● ACTIVITY:
Reproduce exactly the line that contains "Austin Healey 3000" and every line after it through the end of the records below, leaving out all pictures.

● DATASET RECORDS:
+---+
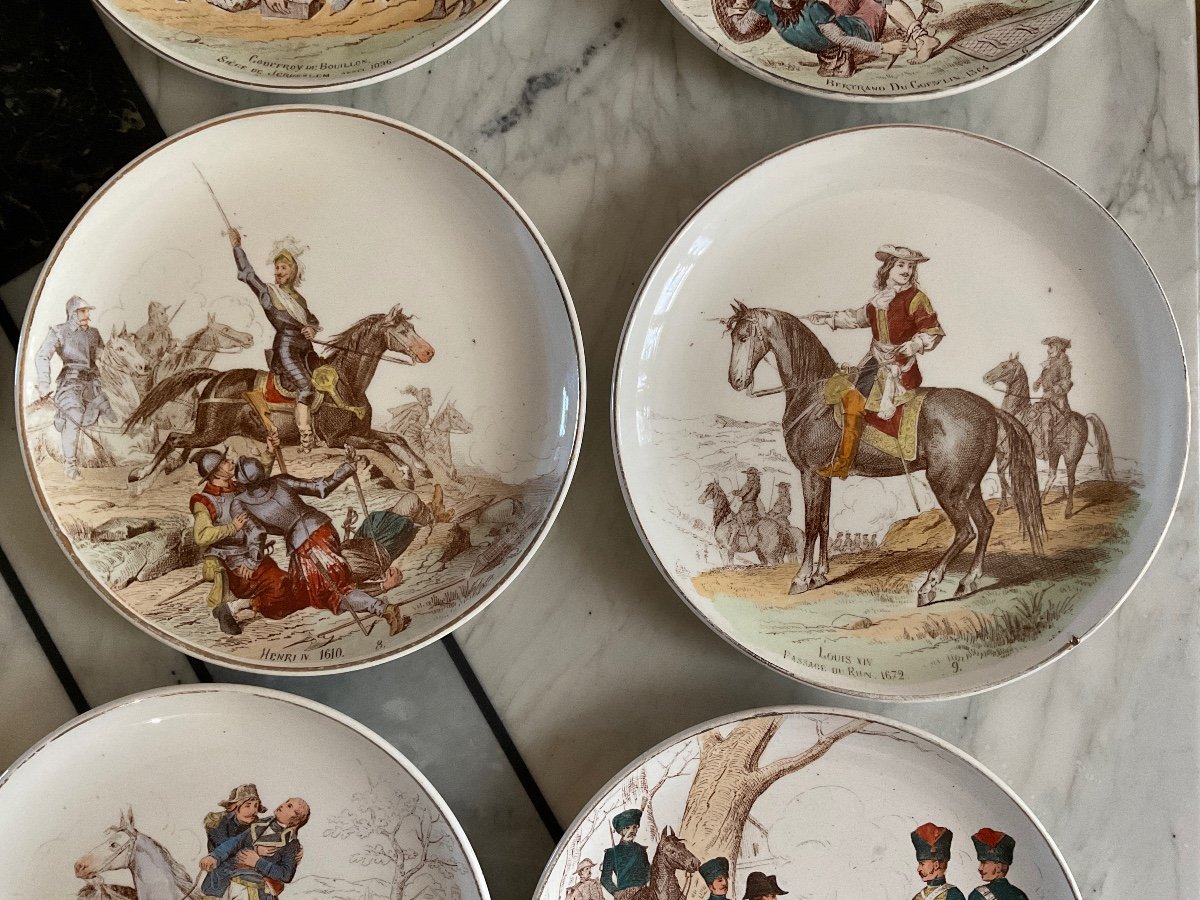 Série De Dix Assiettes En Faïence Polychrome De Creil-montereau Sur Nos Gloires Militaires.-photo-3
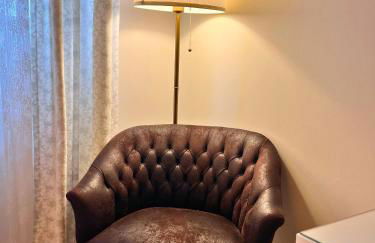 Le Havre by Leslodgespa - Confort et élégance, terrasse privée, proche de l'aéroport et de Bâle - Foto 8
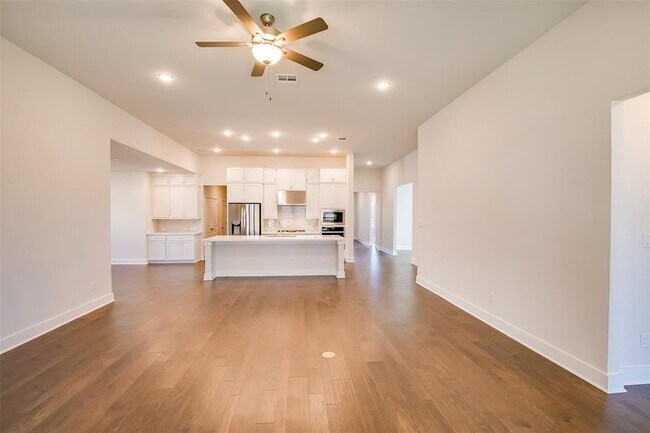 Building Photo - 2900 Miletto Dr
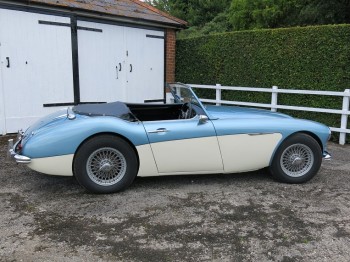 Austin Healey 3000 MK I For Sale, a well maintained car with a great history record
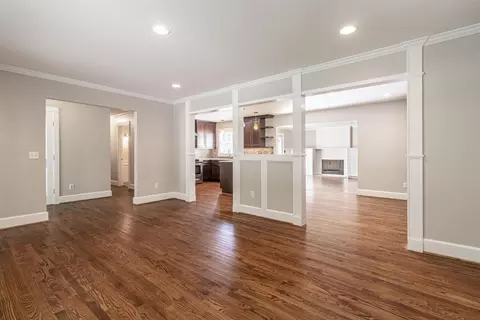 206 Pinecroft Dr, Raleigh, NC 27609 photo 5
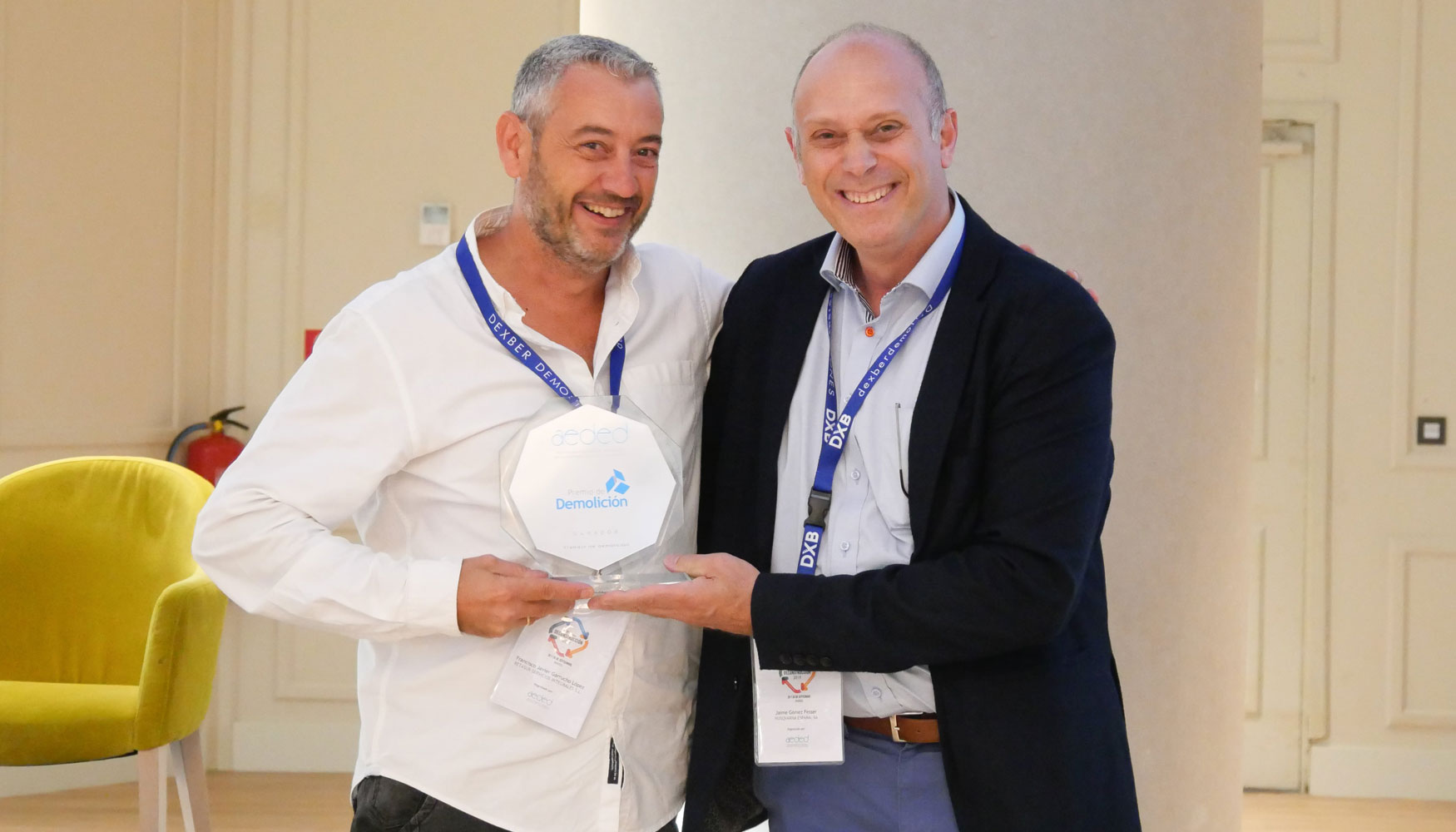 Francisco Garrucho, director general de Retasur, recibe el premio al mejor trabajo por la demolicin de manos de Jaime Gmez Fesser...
+---+
● PROBLEM SOLUTION:
 Austin Healey 3000 MK I For Sale, a well maintained car with a great history record
 206 Pinecroft Dr, Raleigh, NC 27609 photo 5
 Francisco Garrucho, director general de Retasur, recibe el premio al mejor trabajo por la demolicin de manos de Jaime Gmez Fesser...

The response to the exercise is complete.